We study offline reinforcement learning under a novel model called strategic MDP, which characterizes the strategic interactions between a principal and a sequence of myopic agents with private types. Due to the bilevel structure and private types, strategic MDP involves information asymmetry between the principal and the agents. We focus on the offline RL problem, where the goal is to learn the optimal policy of the principal concerning a target population of agents based on a pre-collected dataset that consists of historical interactions. The unobserved private types confound such a dataset as they affect both the rewards and observations received by the principal. We propose a novel algorithm, Pessimistic policy Learning with Algorithmic iNstruments (PLAN), which leverages the ideas of instrumental variable regression and the pessimism principle to learn a near-optimal principal's policy in the context of general function approximation. Our algorithm is based on the critical observation that the principal's actions serve as valid instrumental variables. In particular, under a partial coverage assumption on the offline dataset, we prove that PLAN outputs a nearly optimal policy at a root-N statistical rate, where N is the number of trajectories. We further apply our framework to some special cases of strategic MDP, including strategic regression, strategic bandit, and noncompliance in recommendation systems. This is joint work with Mengxin Yu and Jianqing Fan.

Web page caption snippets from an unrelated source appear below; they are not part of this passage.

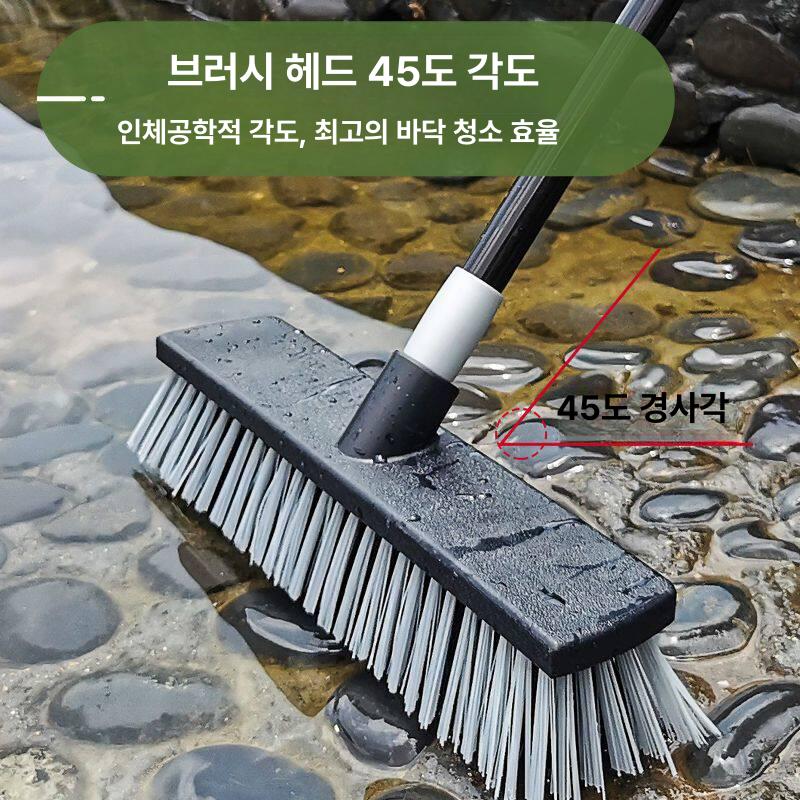산업용 청소솔 철제 밀대 바닥 녹 제거 강화 청소 도구 학교 시설 관리 브러시 세트 - 상세 이미지 2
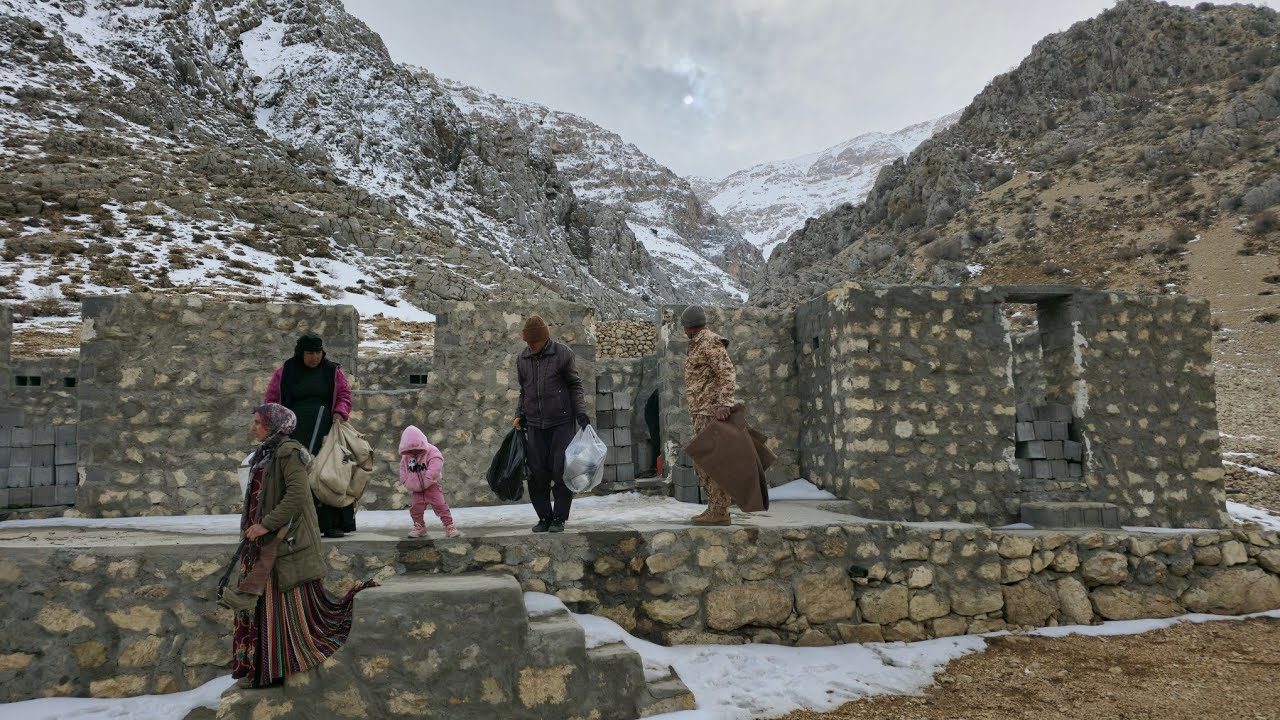 Nomadic family travels to Sardsir and visits a mountain home: Wild Herbs for Nomadic Healing🌿🏕️⛰️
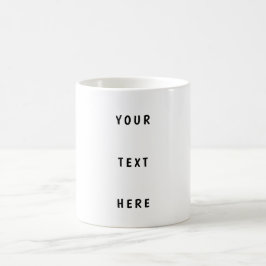 Personlig Kaffe Mugg med Anpassad Text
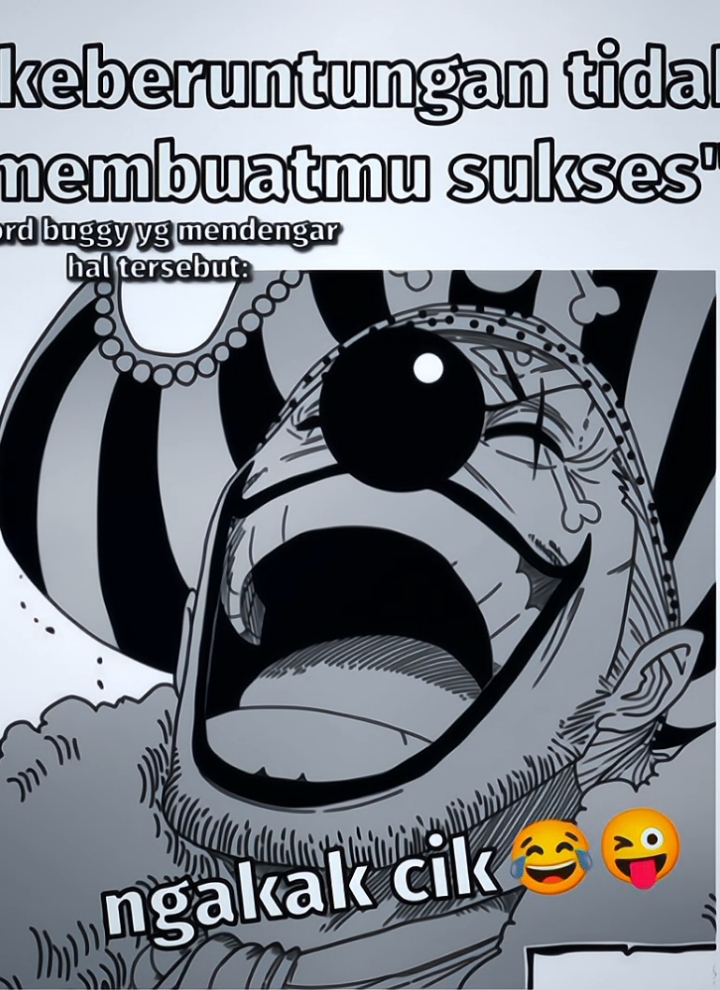 yg lain pada perang di marinefrod, ni orang malah streaming bjir 😂 #buggy #lord #onepice #edit #anime #edit #onepiece #fyp #foryou 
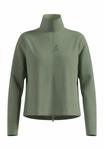 Толстовка ODLO Sweatshirt, Shadow Melange/Olive - фото 3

Zhuoran Yang is an Assistant Professor of Statistics and Data Science at Yale University, starting in July 2022. His research interests lie in the interface between machine learning, statistics, and optimization. He is particularly interested in the foundations of reinforcement learning, representation learning, and deep learning. Before joining Yale, Zhuoran worked as a postdoctoral researcher at the University of California, Berkeley, advised by Michael. I. Jordan. Prior to that, he obtained his Ph.D. from the Department of Operations Research and Financial Engineering at Princeton University, co-advised by Jianqing Fan and Han Liu. He received his bachelor’s degree in Mathematics from Tsinghua University in 2015.